See, it was Can*Con this weekend.
I’ve talked about Can*Con before. It’s a SFF convention in Ottawa, and my favourite con by far. This year was no exception. It felt like the platonic ideal of cons.
Good professional things happened. My workshop went really well. I spent time with dear friends. I scored some sweet stuff in the dealers’ room. Fun food expeditions were had.
I could ramble on about how great the weekend was, and leave it at that. But I want to take a moment to dissect why Can*Con works.
Can*Con was inaugurated in the nineties. After going on hiatus for a time, it was resurrected by Derek Künsken (who just released his debut novel, THE QUANTUM MAGICIAN!). He currently co-chairs the con with my pal Marie Bilodeau. The Ottawa writers’ community is lovely and vibrant, and most of them are involved in the con on some level, whether on the programming or corporate teams.
So what makes this a good con?
When a con attempts everything, it ends up with nothing. Cosplay, media, literature, gaming, science, and history attract different audiences and need different skills. Spreading yourself thin to hit them all dilutes the con’s purpose. Some cons fragment into self-contained enclaves; others just end up feeling watered-down, and can’t progress beyond surface-level skimming of their topics.
Can*Con has two main focuses: literature and science.
There are some history panels, of course, and I taught a podcasting workshop.

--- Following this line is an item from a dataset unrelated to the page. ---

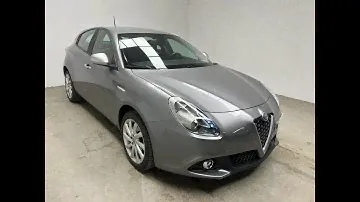 ALFA ROMEO-Giulietta III 2016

The focuses allow some room to breathe, but all programming aligns with that basic mandate.
Accessibility and inclusivity aren’t after-thoughts. They are incorporated into planning from the outset. There is also a designated Accessibility Coordinator.
Pronoun stickers for badges, a dealers’ room designed with mobility in mind, all-gender washroom availability, a quiet room, accessibility seating in programming rooms—these are all givens. Accessibility and inclusivity are non-negotiables.
Is it perfect? Of course not. But identified shortfalls are met with commitment to refining and improving—not denial and shirking of responsibility.
Get the Right People
Convention teams need a carefully curated mix of personalities and skills sets. After all—those personalities and skill sets become the con.
It’s a diverse group, but there is a common factor: commitment to the convention’s mission and values. Without that, you’ve got no coherency in your team, which translates to no coherency in the con either.
Just a little bit. Every con has a personality—which in turn influences the audience it attracts. Author and storyteller (and my friend) Nicole Lavigne describes Can*Con as “the little con that does.”
At this point, it’s the best game in eastern Canada. And it got there partly by saying it was. It’s a bit like performer A.E. Shapera pointed out…if you claim you’re famous, eventually people make you so.
Commitment to Harassment Policies
Again, there are always procedures to refine and improvements to make.
But the commitment to upholding the current code of conduct is total and absolute.
End of story.
It takes a lot to make a convention. It takes even more to make a convention work. As I reflect back on the weekend, I keep coming back to this:
A convention is its community.
I feel very fortunate to call this community—and this con—my friends.
What I’m Listening to this Week
Ēriks Ešenvalds’ wonderful piece, “Northern Lights.” It starts with a Latvian folksong, and then changes to the writings of American explorer Charles Francis Hall, set to music. The piece reminds me very much of The Flying Dutchman.